[EXERCISE]
Below is a listing to write out in full, exactly as given, without its pictures.

━━━ RECORDS FOR THIS EXERCISE ━━━

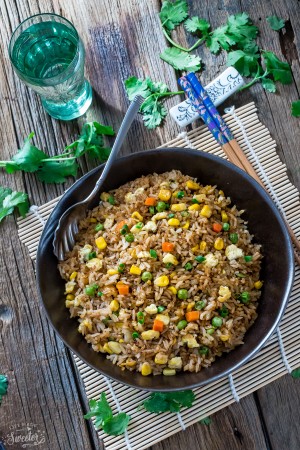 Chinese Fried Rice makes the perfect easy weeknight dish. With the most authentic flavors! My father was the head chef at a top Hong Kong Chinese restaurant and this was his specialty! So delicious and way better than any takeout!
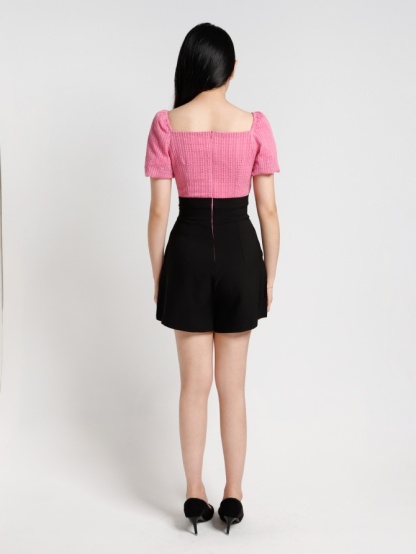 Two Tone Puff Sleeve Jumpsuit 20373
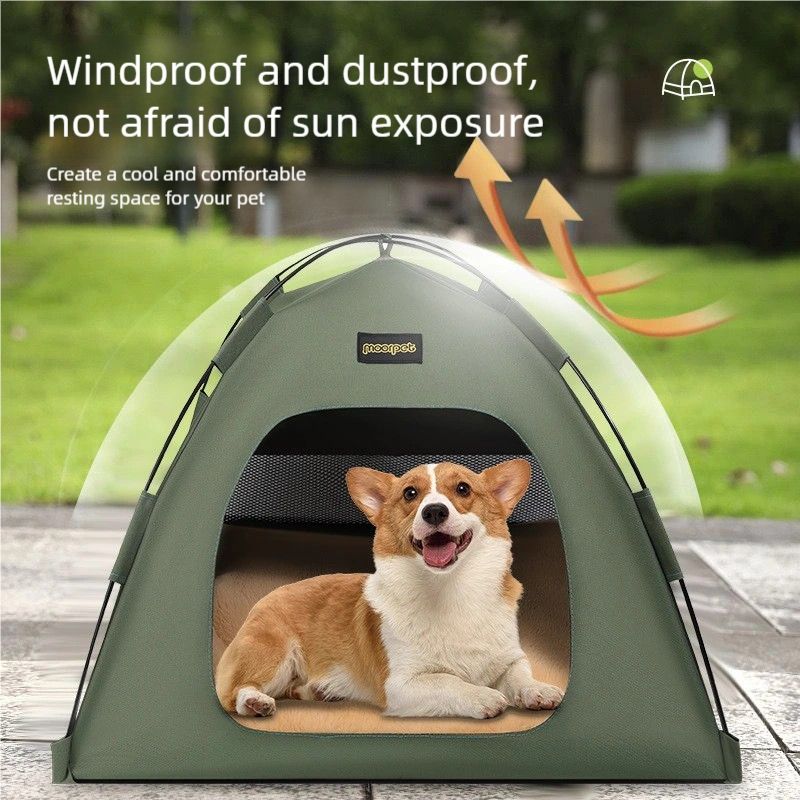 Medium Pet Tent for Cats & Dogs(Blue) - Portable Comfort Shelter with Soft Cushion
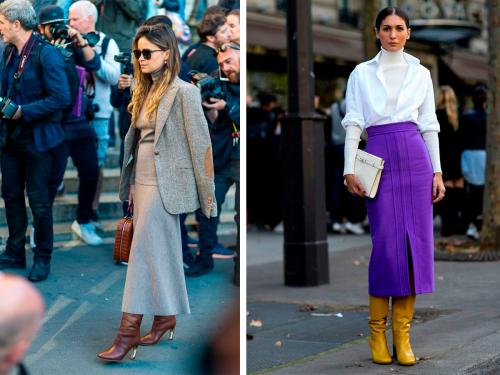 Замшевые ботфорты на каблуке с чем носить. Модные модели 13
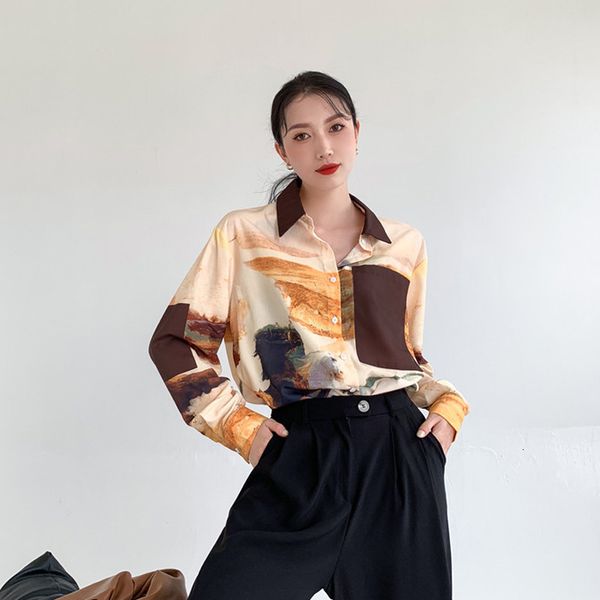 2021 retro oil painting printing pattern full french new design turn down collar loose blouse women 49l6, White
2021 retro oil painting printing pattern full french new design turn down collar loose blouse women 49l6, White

━━━

[REPLY TO THE EXERCISE]
 Chinese Fried Rice makes the perfect easy weeknight dish. With the most authentic flavors! My father was the head chef at a top Hong Kong Chinese restaurant and this was his specialty! So delicious and way better than any takeout!
 Two Tone Puff Sleeve Jumpsuit 20373
 Medium Pet Tent for Cats & Dogs(Blue) - Portable Comfort Shelter with Soft Cushion
 Замшевые ботфорты на каблуке с чем носить. Модные модели 13
 2021 retro oil painting printing pattern full french new design turn down collar loose blouse women 49l6, White
2021 retro oil painting printing pattern full french new design turn down collar loose blouse women 49l6, White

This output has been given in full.